9 Decoder Ring: The Blind The Stars and The Wild Team
Decoder Ring’s fourth album strengthens their post rock legacy built around ethereal soundscapes, beautiful melodies and intricate musicianship. This double album is a pleasure to listen to from start to finish whether as background music or within the intimacy of headphones. The first half of the album in particular is spectacular.
8 Paul Dempsey: Everything is True
The lead singer of Something For Kate first solo record is simply beautiful, superbly written and expertly crafted. It is not only a fine piece of work, but its better than his band has managed to come up with collectively. This album is thematically poignant and incisive, whilst maintaining a pop sensibility. A must listen.
7. Sarah Blasko: As Day Follows Night
Sarah Blasko continues to improve with each new record, the songwriting is sharper and more personal whilst being sonically daring. Only just now getting the recognition she deserves in this country, she remains one of the most talented singer songwriters globally. Slightly left of centre, yet uniquely universal this album speaks to the insecurities we all feel once love is both lost and found
6 Little Birdy: Confetti
This is the most surprising entry of this list for me, as I had previously dismissed this band out of hand. Thankfully, new circumstances ensured I wrapped my ears around this wonderful album. It’s probably the most emotional record on the list, as the gift of Katy Steele as a songwriter is to wear her heart on her sleeve. This makes for an enthralling and rewarding list, particularly at the album’s beginning as the foundations are set for a most enticing experience.
5 Grizzly Bear: Veckatimist
In all realty this album should by higher on the list, and in any other year it would be. This is a game changing record: a revelation. Simultaneously beautiful and perfectly refined this could be regarding as an album that broke the mould in years to come, as the melodies are timeless, the hooks are limitless and its beauty is unmatched. This record stays with you long after the first listen.
4 Meg & Dia: Here, Here and Here
This is the perfect pop record from start to finish. This album is insanely catchy, yet highly literate, it is wonderfully produced and perfectly sequenced. Meg & Dia have built upon the winning sound of their first record and have expanded upon to create a cohesive yet diverse album that is as good as it is underrated.
3 Paramore: Brand New Eyes
I have to admit I wasn’t sold on this upon first listen, but this album is the definition of a grower. Although not as good as their previous two efforts Brand New Eyes might be retrospectively looked at as a transition album, forgoing the brashness that characterised their previous efforts in favour of a more mature phase. The angst remains, but this time it is tempered with insight that only age can bring, and whilst this record was not what I expected, it makes for an intriguing listen.
2 Lisa Mitchell: Wonder
This album most definitely is the most exciting of the year. To think that Lisa Mitchell is only 19, but yet can produce such a complete record on her first effort is extraordinary. It is a portrait of adolescence: its many highs and lows, its exposure to vulnerability, yet full of enduring optimism that can only be found in one so young. A fantastic record, the best Australian release for some time.

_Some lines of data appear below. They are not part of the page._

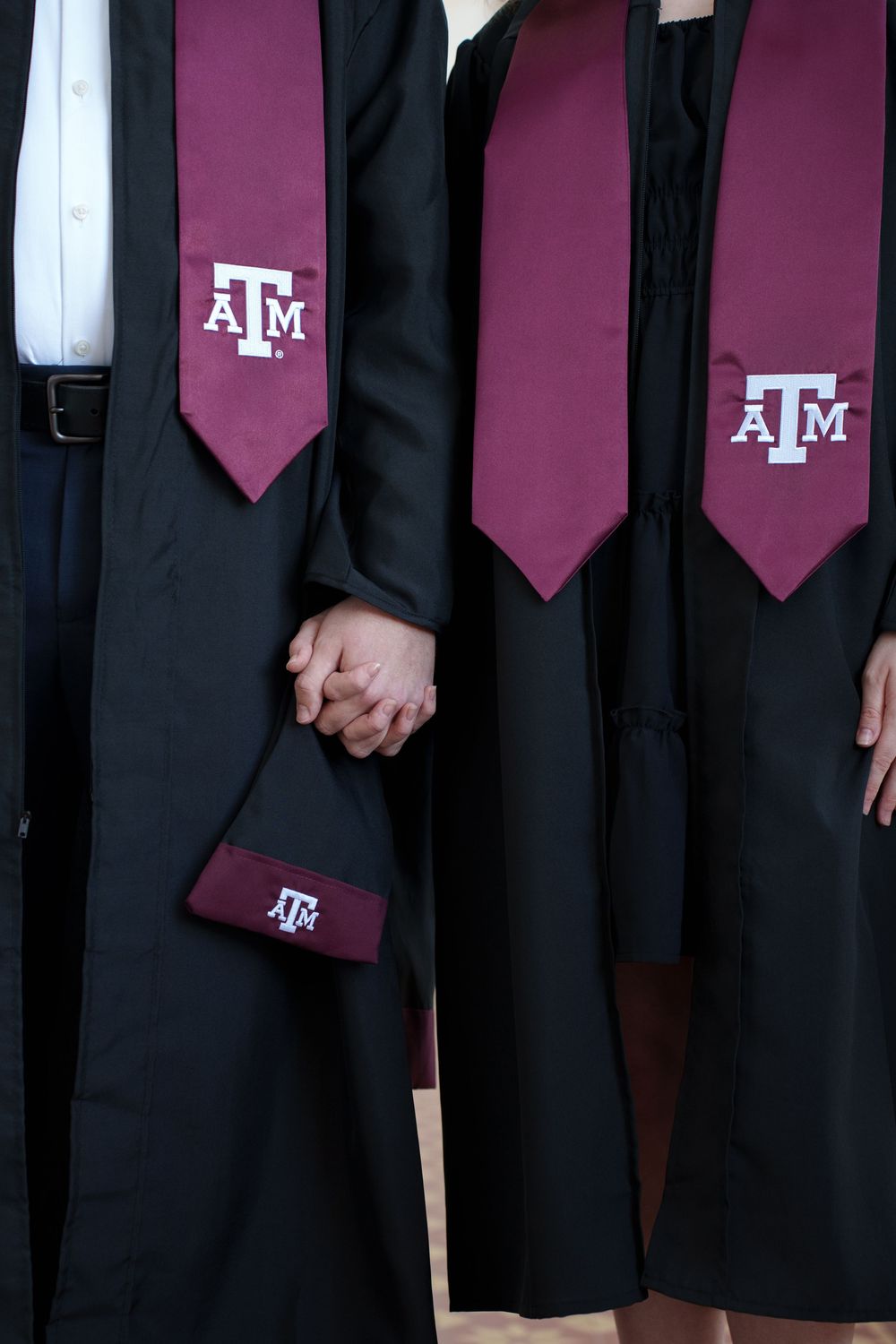 The image shows several people wearing black graduation gowns with maroon ties or sashes, representing graduates of Texas A&M University.
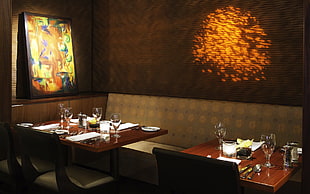 photo of empty brown wooden table with dining ware lot in dark room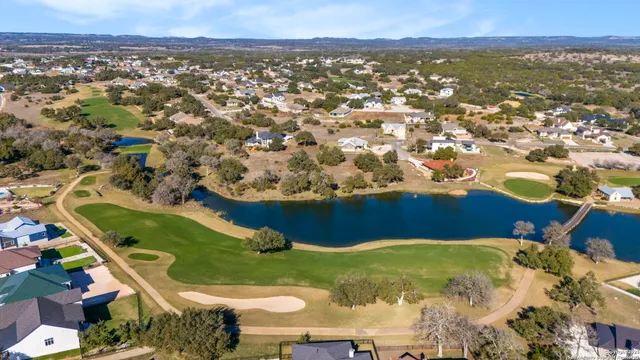 an aerial view of residential houses with outdoor space and trees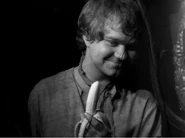 The boy suddenly appears in the mirror offering the Bloop a bananna.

1 Tegan and Sara Sainthood
Unquestionably the best record of the year. To quote a previous effort:
Those who don’t me would say this is a hasty judgement. In fact one friend and fellow Tegan and Sara fan said today this was a decision based on adrenaline. I know this not to be the case, because the previous call was made on the first day I heard that record, and its only now just been replaced. Stylistically, where The Con was angsty, Sainthood is thought provoking. Vocals are pushed further up in the mix and while early reports suggesting the album would be electronic, Sainthood has a more 80s New Romantic vibe, particularly on the Tegan penned Don't Rush. The Girls’ gift for songwriting is more noticeable and the album seems more cohesive than The Con, there's not as big stylistic gap between the two songwriters now.
It is Sara’s songs that really shine on this record, and in particular the potential second single On Directing. Complete with lyrics like ‘Go steady with me, I know it turns you off when I get talking like a teen, talking like a teen’ this song is the worthy successor to The Con’s first single Back In Your Head in terms of Sara’s ability to capture intricate lyrics with an innate sense of melody. Arrow and Alligator continue this tend to demonstrate that Sara is the finest songwriter of her generation.
However, Tegan is not far behind. Tracks such as The Ocean, Someday and lead single Hell show Tegan’s ability to craft a catchy and powerful hook remained unparalleled. Tegan also branches out on this record with the song Northshore evoking Deborah Harry and Joan Jett with a straightforward thrashing punk number. Unfortunately for Tegan, Sara once again steals the spotlight from her, in this case with her wondrous backing vocals.
But it is to Tegan and Sara who the credit must go to for Sainthood. They have proven why they are the best band in the world. Not only do they write and play classic songs, they continue to improve exponentially making each new album a revelation.